What the exercise asks
Leave every picture out and return the rest of the listing verbatim.

Given material
↓↓↓

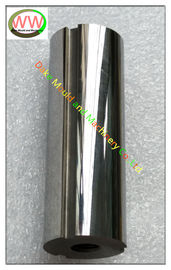 Sơn chính xác cao,mắc gương,WEDM,đấm tungsten carbide bền với giá cả hiệu quả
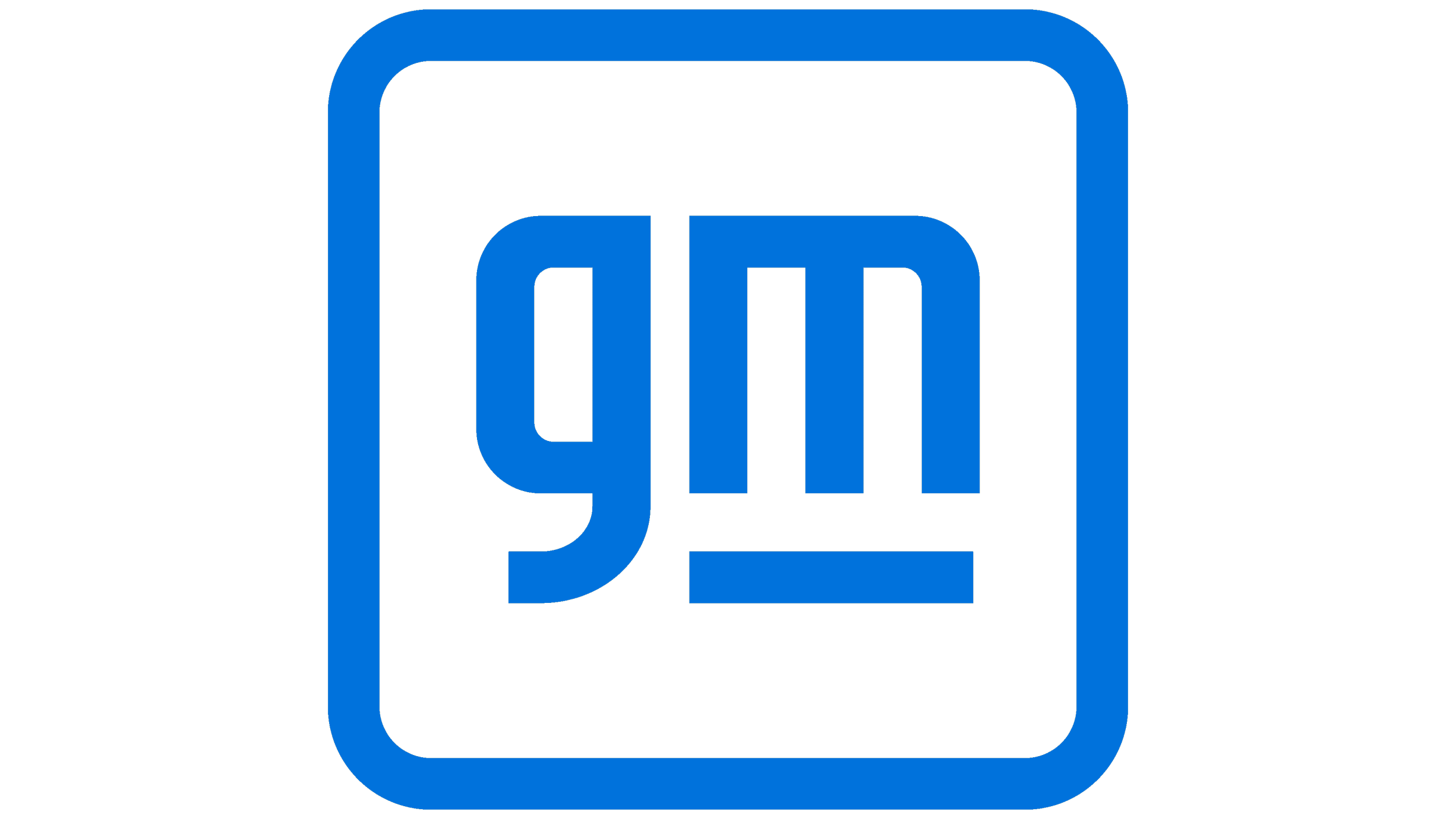 General-Motors-GM-Logo.png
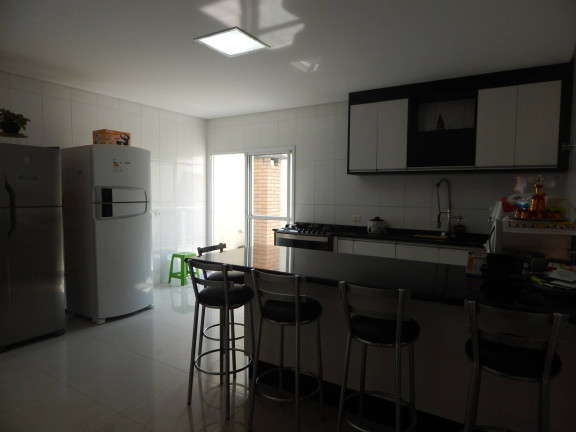 Imagem Casa com 3 Quartos à Venda, 245 m² em Santa Terezinha - São Bernardo Do Campo Imagem Casa com 3 Quartos à Venda, 245 m² em Santa Terezinha - São Bernardo Do Campo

↑↑↑

Answer section
 Sơn chính xác cao,mắc gương,WEDM,đấm tungsten carbide bền với giá cả hiệu quả
 General-Motors-GM-Logo.png
 Imagem Casa com 3 Quartos à Venda, 245 m² em Santa Terezinha - São Bernardo Do Campo Imagem Casa com 3 Quartos à Venda, 245 m² em Santa Terezinha - São Bernardo Do Campo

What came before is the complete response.